──────── Stored data

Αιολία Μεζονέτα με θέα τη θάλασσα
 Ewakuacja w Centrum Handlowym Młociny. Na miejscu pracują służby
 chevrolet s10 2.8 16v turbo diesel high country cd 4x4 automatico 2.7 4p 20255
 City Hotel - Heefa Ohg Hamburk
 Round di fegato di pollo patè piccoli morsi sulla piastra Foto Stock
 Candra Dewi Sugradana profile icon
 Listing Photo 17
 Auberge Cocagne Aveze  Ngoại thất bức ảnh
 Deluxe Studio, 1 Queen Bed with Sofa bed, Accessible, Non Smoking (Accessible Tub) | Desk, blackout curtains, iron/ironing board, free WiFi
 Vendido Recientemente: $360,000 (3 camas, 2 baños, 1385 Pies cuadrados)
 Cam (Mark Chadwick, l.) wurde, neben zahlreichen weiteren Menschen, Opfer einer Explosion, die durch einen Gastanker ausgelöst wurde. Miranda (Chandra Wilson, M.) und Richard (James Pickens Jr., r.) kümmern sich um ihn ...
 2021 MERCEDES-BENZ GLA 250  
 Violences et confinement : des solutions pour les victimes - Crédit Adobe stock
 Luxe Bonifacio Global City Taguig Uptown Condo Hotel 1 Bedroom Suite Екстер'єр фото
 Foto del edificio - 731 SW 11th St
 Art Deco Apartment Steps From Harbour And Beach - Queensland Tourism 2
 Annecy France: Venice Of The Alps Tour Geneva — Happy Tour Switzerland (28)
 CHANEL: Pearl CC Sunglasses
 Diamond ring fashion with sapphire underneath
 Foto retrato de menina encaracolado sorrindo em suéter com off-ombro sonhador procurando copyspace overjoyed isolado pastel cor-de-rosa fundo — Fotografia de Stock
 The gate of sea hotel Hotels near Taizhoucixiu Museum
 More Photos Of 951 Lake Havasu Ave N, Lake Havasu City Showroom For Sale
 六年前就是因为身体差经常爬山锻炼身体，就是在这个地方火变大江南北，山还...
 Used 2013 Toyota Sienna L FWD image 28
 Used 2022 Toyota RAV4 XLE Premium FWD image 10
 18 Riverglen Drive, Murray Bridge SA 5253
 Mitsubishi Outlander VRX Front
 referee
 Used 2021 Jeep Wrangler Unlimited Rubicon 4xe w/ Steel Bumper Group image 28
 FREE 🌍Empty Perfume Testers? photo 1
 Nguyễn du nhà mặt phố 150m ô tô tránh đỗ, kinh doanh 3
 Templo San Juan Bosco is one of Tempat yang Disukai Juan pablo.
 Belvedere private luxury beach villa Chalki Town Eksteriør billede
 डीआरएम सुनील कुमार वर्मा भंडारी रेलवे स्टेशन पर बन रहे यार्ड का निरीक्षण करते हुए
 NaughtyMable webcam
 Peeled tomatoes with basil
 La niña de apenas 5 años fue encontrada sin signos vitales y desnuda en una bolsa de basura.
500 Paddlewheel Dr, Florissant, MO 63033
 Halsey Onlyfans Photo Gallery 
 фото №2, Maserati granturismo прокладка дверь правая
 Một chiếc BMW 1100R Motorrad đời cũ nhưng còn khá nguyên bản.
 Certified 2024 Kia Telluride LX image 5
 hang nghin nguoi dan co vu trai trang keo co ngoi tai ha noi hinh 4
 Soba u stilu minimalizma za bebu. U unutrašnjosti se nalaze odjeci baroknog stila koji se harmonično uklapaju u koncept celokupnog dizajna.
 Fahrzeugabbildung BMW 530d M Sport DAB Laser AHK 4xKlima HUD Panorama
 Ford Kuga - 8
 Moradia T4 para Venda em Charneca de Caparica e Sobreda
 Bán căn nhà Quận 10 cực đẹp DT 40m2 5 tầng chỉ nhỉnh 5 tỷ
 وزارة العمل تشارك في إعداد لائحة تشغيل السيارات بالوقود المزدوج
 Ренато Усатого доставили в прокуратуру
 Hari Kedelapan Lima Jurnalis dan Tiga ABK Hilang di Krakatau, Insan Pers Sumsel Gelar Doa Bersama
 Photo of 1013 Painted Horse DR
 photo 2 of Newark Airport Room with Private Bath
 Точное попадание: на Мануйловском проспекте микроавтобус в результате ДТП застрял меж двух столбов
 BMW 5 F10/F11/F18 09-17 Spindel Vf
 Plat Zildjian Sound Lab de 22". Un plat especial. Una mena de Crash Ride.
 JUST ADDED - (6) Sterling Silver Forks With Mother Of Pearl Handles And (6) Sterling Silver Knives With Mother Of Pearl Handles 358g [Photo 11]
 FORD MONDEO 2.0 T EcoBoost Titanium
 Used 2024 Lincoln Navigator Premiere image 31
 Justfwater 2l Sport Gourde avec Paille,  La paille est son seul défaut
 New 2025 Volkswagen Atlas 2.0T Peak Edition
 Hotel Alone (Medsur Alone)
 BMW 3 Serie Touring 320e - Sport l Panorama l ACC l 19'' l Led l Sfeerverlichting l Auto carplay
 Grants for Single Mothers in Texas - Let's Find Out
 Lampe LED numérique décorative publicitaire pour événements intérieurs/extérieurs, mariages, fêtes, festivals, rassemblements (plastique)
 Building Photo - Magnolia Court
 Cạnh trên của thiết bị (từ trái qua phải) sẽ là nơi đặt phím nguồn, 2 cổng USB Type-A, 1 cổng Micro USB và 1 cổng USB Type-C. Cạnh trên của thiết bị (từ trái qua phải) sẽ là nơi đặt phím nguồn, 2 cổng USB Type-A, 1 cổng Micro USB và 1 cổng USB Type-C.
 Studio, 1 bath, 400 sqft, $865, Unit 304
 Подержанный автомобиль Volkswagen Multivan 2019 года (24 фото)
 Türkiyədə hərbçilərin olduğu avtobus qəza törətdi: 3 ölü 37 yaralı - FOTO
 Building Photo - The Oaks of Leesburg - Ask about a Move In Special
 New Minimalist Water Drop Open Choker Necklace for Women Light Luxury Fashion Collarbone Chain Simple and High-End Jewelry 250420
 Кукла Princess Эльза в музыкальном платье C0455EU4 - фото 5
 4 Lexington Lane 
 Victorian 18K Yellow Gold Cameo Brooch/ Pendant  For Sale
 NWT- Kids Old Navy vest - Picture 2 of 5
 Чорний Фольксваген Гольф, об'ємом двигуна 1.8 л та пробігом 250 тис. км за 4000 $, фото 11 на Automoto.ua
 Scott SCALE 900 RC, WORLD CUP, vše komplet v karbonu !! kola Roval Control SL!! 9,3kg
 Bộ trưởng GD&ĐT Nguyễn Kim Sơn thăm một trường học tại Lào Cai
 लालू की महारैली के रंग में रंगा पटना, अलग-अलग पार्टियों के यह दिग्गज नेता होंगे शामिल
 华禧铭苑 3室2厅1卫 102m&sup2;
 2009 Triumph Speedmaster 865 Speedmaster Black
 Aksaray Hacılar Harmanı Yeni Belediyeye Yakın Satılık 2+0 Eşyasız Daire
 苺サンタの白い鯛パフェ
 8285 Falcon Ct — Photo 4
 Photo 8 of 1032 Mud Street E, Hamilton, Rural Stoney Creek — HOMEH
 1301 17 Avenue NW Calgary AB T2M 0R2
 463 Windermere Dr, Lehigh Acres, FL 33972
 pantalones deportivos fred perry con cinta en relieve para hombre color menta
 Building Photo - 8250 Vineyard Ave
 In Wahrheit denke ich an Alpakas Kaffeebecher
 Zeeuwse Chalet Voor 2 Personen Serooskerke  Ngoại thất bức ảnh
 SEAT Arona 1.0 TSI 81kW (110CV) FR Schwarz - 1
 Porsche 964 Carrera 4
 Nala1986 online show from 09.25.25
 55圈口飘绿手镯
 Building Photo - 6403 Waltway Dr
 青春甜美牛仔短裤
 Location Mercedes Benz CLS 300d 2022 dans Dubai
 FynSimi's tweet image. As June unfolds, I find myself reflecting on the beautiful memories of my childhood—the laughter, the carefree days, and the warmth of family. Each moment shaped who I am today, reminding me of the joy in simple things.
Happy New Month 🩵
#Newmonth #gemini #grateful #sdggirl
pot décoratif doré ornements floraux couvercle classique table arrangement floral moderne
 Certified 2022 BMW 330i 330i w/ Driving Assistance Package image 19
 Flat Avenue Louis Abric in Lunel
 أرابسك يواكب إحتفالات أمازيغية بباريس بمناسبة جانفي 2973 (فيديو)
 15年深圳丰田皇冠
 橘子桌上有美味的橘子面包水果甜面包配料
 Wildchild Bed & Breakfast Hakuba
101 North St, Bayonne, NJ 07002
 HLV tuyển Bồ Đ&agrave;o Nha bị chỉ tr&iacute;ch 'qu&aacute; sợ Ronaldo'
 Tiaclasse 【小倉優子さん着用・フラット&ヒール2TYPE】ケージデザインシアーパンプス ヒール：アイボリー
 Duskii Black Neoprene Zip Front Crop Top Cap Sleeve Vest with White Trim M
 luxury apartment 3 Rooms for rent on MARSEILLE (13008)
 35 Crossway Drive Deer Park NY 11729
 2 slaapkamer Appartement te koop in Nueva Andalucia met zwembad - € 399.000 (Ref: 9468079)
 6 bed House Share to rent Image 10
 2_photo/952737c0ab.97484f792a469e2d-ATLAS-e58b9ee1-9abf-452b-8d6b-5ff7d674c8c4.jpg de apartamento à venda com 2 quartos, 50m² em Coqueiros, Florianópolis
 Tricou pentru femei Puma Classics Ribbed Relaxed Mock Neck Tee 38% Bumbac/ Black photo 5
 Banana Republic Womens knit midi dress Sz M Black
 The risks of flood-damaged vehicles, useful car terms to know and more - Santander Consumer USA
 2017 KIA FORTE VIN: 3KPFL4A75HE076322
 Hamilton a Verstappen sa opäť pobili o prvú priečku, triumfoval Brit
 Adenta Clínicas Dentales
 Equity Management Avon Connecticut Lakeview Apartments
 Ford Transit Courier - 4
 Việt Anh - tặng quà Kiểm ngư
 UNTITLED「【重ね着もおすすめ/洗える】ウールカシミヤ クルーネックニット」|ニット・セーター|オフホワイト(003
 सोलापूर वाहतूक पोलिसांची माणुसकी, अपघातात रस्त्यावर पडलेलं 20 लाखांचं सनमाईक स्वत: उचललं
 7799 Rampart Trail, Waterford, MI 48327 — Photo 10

────────────────

* Task prompt *
From the records above, print only the lines between the one holding "Grants for Single" and the one holding "Building Photo - Magnolia Court", inclusive, exactly as they stand.

* Problem solution *
 Grants for Single Mothers in Texas - Let's Find Out
 Lampe LED numérique décorative publicitaire pour événements intérieurs/extérieurs, mariages, fêtes, festivals, rassemblements (plastique)
 Building Photo - Magnolia Court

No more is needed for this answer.